The main components of biogas are methane (CH4) and carbon dioxide (CO2), but it also contains significant quantities of undesirable compounds such as hydrogen sulphide (H2S), ammonia (NH3) and siloxanes. These trace components can be very harmful if they become adsorbed by the oil as they may destroy the engine, e.g., due to corrosion.

Biogas engines for power generation are usually deployed in so called CHP (combined heat and power generation) units where the heat generated is used to optimise the fermentation process of wastes or biodegradable materials. Typically temperatures between 35-60 C are required. The biogas generated during the fermentation process is then used to produce electricity.

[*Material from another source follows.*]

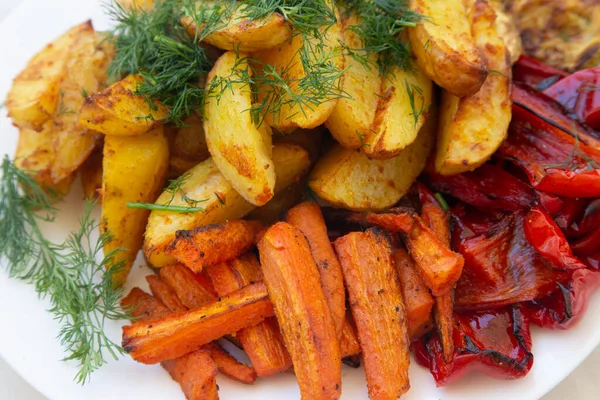 Ψητά Και Ψητά Λαχανικά Κοντινή Απόσταση Καρότα Πατάτες Και Πιπεριά — Φωτογραφία Αρχείου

Gases derived from biological processes such as fermentation will contain contamination such as water, ydrogen supphide and siloxanes. All these contaminants can have detremental effects on the lifetime and the efficiency of the engines as tey degrade the oil in the biogas engine.

Water is present in biogas in form of water vapour due to the nature of the feedstock. The amount of water within the biogas depends on the temperature and where the biogas originates from. If the water content within the biogas becomes too high the combustion of the biogas can be very challenging and, in combination with hydrogen sulfide can condense into sulphuric acid.

Hydrogen sulphide (H2S) originates from the feedstock which is usually high in sulphur such as amino acids and proteins. H2S reacts with water to form sulphuric acid which is a very corrosive component and can cause damage to the gas engine itself.

Typical life-times of lubricants for biogas engines are 1500h and it is important to manage the lifetime of the lubricant effectively as the downtime of the engine during oil change has significant costs associated with it.